● **Directions**
Could you restate the entries word for word, without the images?
►
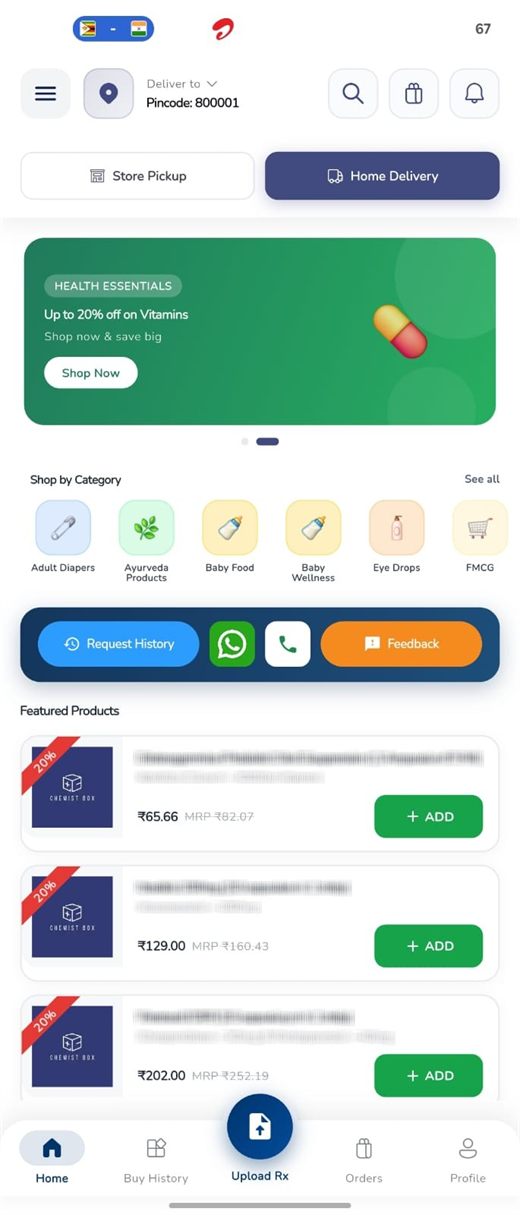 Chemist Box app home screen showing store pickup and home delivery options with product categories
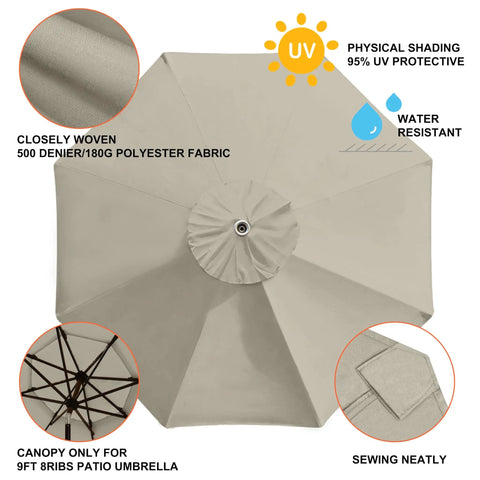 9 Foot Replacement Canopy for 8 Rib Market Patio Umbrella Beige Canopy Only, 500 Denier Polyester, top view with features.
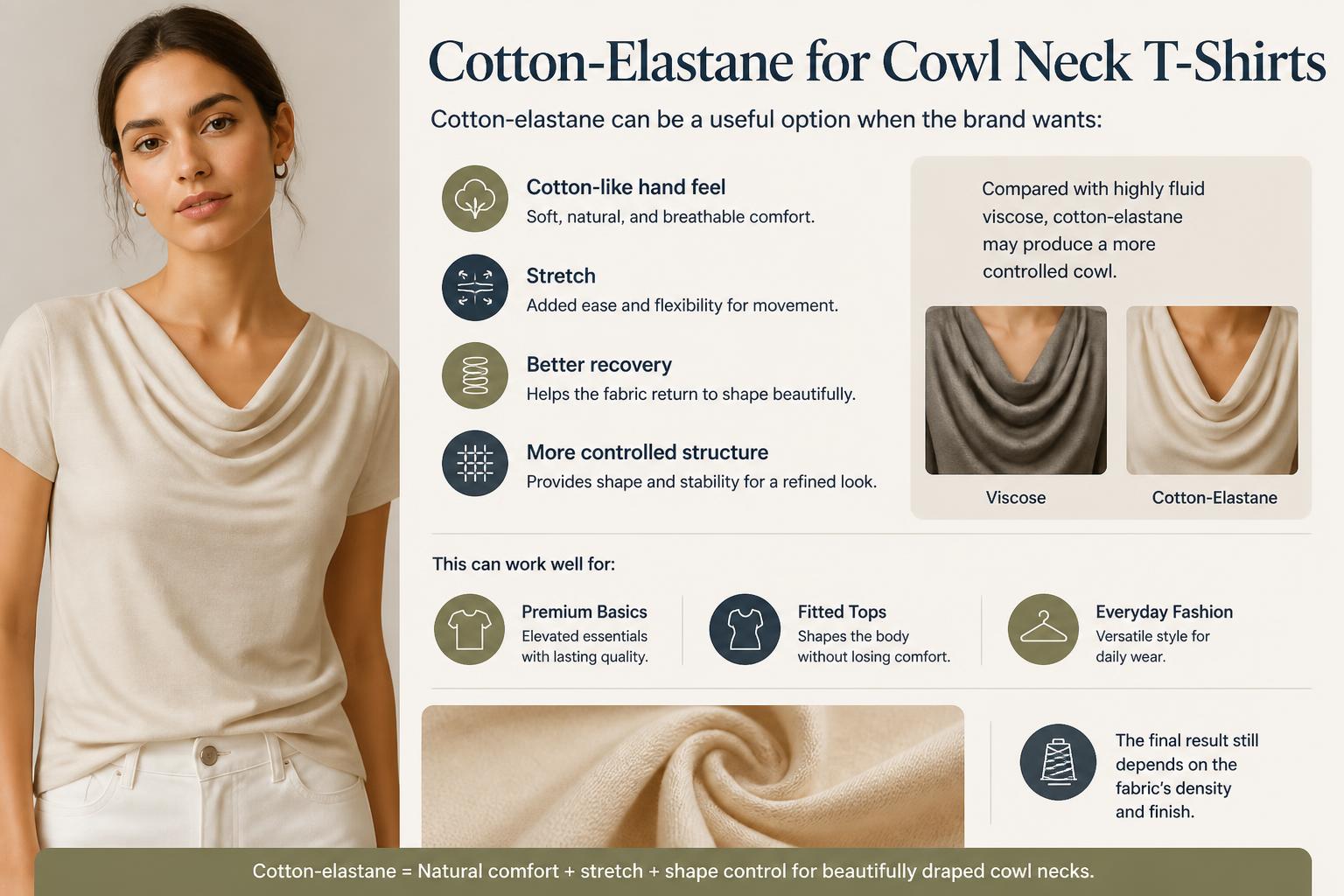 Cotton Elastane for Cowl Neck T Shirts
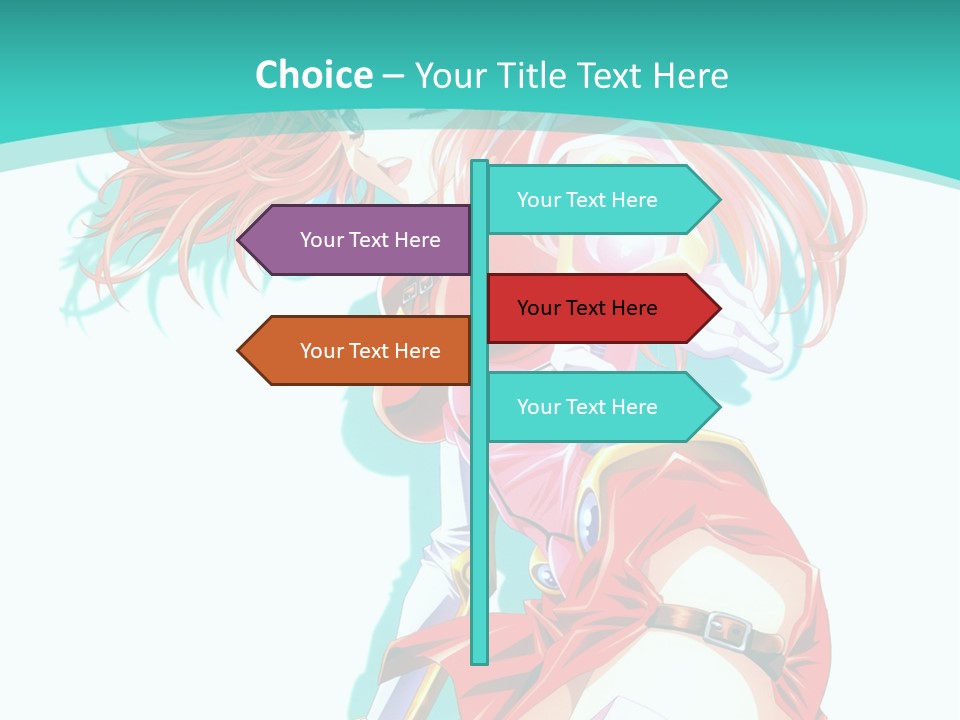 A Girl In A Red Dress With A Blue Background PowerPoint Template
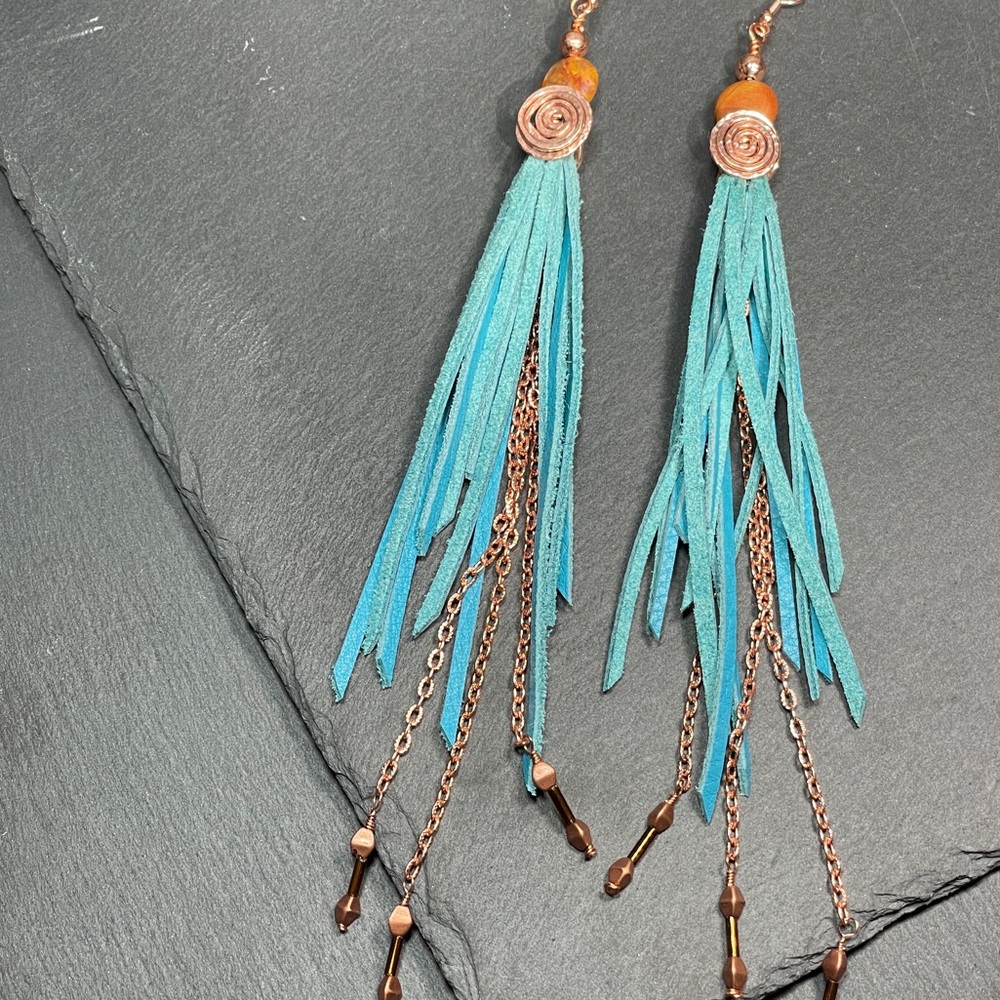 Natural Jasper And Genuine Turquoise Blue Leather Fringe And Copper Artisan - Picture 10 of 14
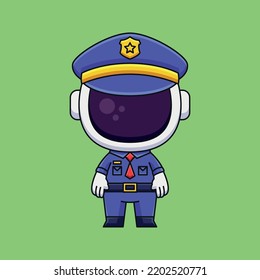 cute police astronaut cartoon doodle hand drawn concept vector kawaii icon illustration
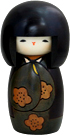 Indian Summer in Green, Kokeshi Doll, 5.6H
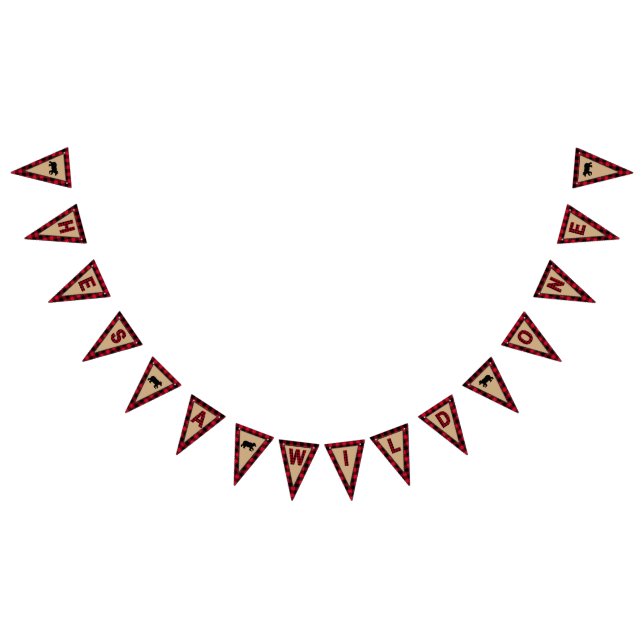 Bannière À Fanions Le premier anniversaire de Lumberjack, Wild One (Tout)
◄
● **Solved exercise**
 Chemist Box app home screen showing store pickup and home delivery options with product categories
 9 Foot Replacement Canopy for 8 Rib Market Patio Umbrella Beige Canopy Only, 500 Denier Polyester, top view with features.
 Cotton Elastane for Cowl Neck T Shirts
 A Girl In A Red Dress With A Blue Background PowerPoint Template
 Natural Jasper And Genuine Turquoise Blue Leather Fringe And Copper Artisan - Picture 10 of 14
 cute police astronaut cartoon doodle hand drawn concept vector kawaii icon illustration
 Indian Summer in Green, Kokeshi Doll, 5.6H
 Bannière À Fanions Le premier anniversaire de Lumberjack, Wild One (Tout)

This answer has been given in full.